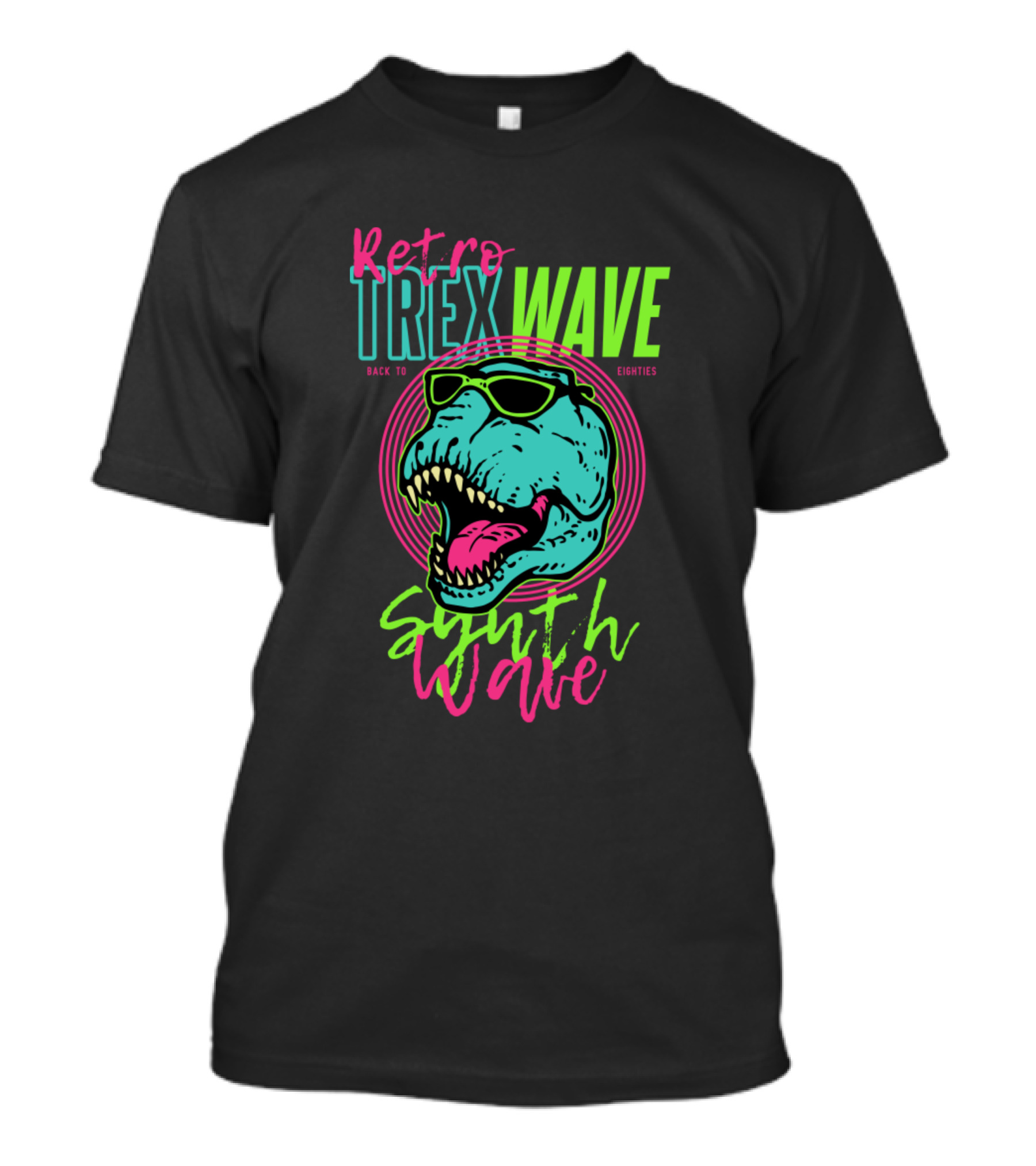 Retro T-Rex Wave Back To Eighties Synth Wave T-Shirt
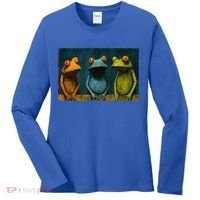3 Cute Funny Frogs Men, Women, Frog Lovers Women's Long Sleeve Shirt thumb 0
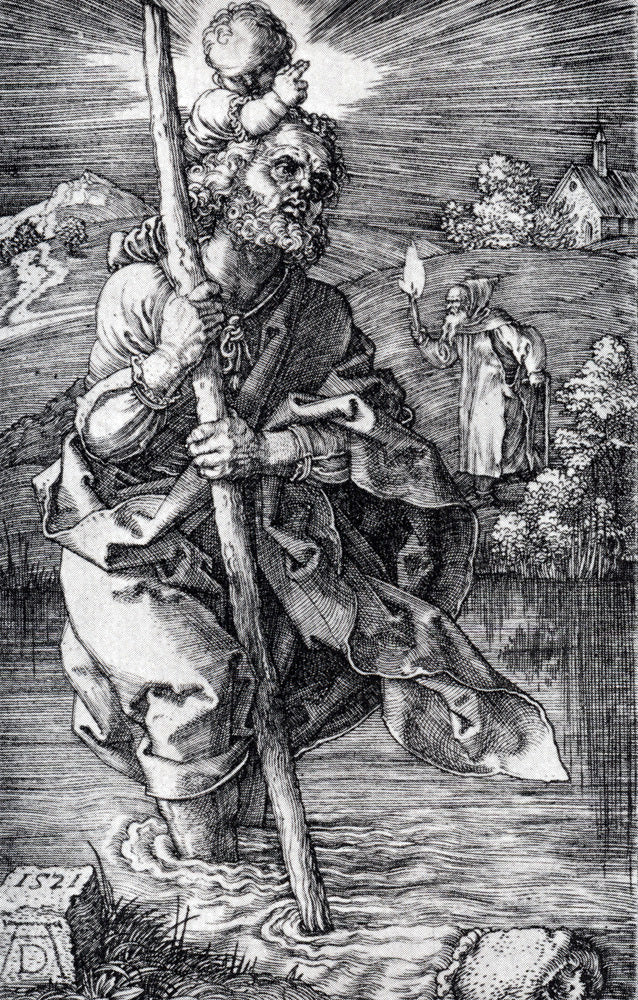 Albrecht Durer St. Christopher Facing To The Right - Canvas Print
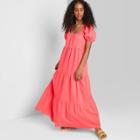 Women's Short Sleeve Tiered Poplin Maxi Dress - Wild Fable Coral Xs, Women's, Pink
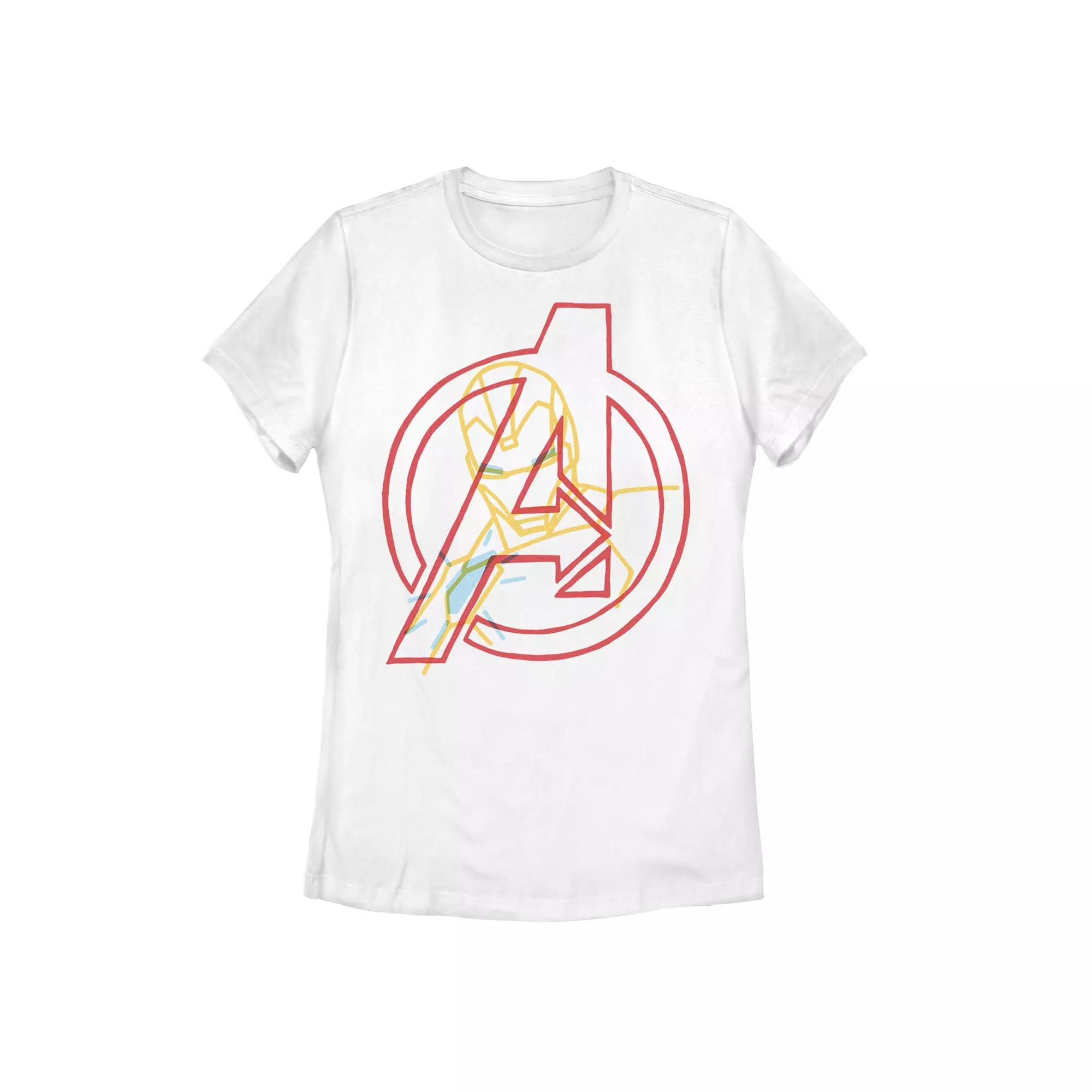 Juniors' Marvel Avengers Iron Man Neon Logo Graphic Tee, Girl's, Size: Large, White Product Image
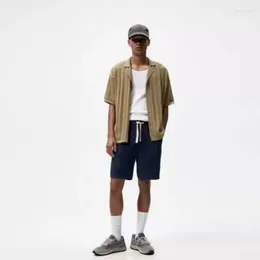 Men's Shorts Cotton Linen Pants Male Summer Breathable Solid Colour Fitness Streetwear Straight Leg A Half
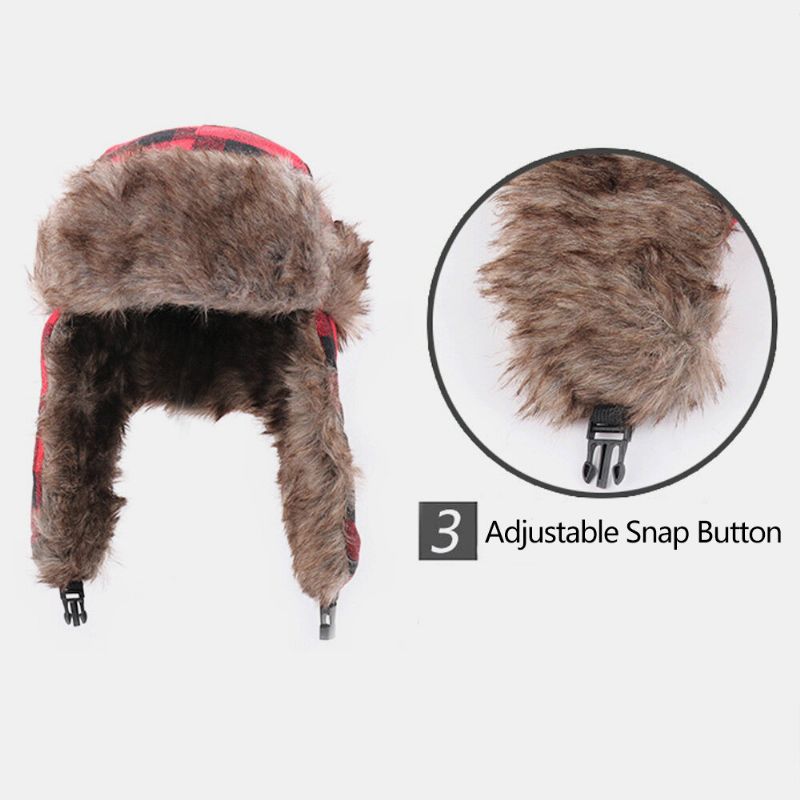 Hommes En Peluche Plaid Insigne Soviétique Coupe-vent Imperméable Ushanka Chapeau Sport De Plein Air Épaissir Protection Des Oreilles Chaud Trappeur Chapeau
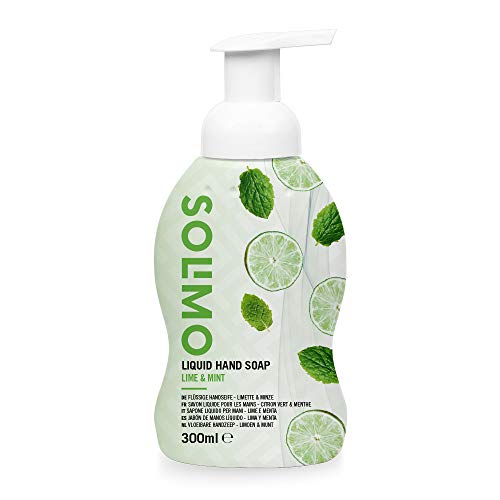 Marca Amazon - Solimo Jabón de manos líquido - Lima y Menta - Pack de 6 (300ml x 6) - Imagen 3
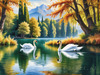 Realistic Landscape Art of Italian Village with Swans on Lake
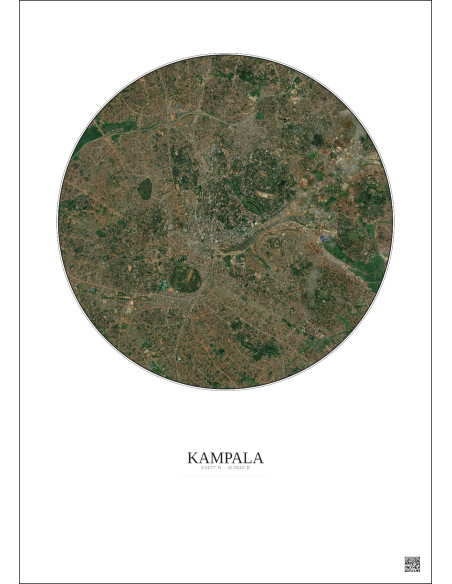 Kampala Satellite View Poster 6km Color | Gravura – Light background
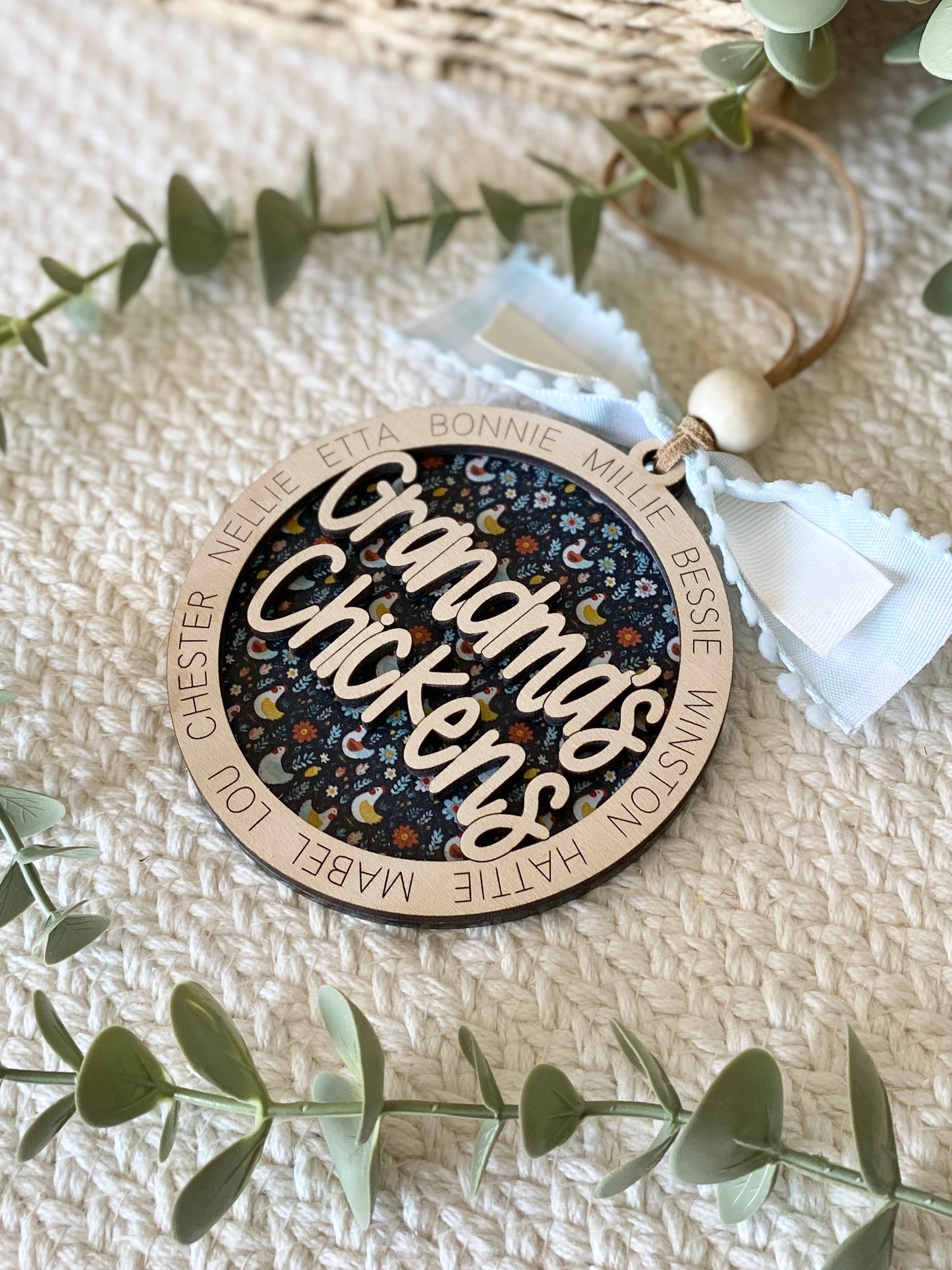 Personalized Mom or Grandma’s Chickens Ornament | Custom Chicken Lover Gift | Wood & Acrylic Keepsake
^^^^
### Exercise directions
Reproduce each entry exactly, without the pictures.

### Finished exercise
 Retro T-Rex Wave Back To Eighties Synth Wave T-Shirt
3 Cute Funny Frogs Men, Women, Frog Lovers Women's Long Sleeve Shirt thumb 0
 Albrecht Durer St. Christopher Facing To The Right - Canvas Print
 Women's Short Sleeve Tiered Poplin Maxi Dress - Wild Fable Coral Xs, Women's, Pink
 Juniors' Marvel Avengers Iron Man Neon Logo Graphic Tee, Girl's, Size: Large, White Product Image
 Men's Shorts Cotton Linen Pants Male Summer Breathable Solid Colour Fitness Streetwear Straight Leg A Half
 Hommes En Peluche Plaid Insigne Soviétique Coupe-vent Imperméable Ushanka Chapeau Sport De Plein Air Épaissir Protection Des Oreilles Chaud Trappeur Chapeau
 Marca Amazon - Solimo Jabón de manos líquido - Lima y Menta - Pack de 6 (300ml x 6) - Imagen 3
 Realistic Landscape Art of Italian Village with Swans on Lake
 Kampala Satellite View Poster 6km Color | Gravura – Light background
 Personalized Mom or Grandma’s Chickens Ornament | Custom Chicken Lover Gift | Wood & Acrylic Keepsake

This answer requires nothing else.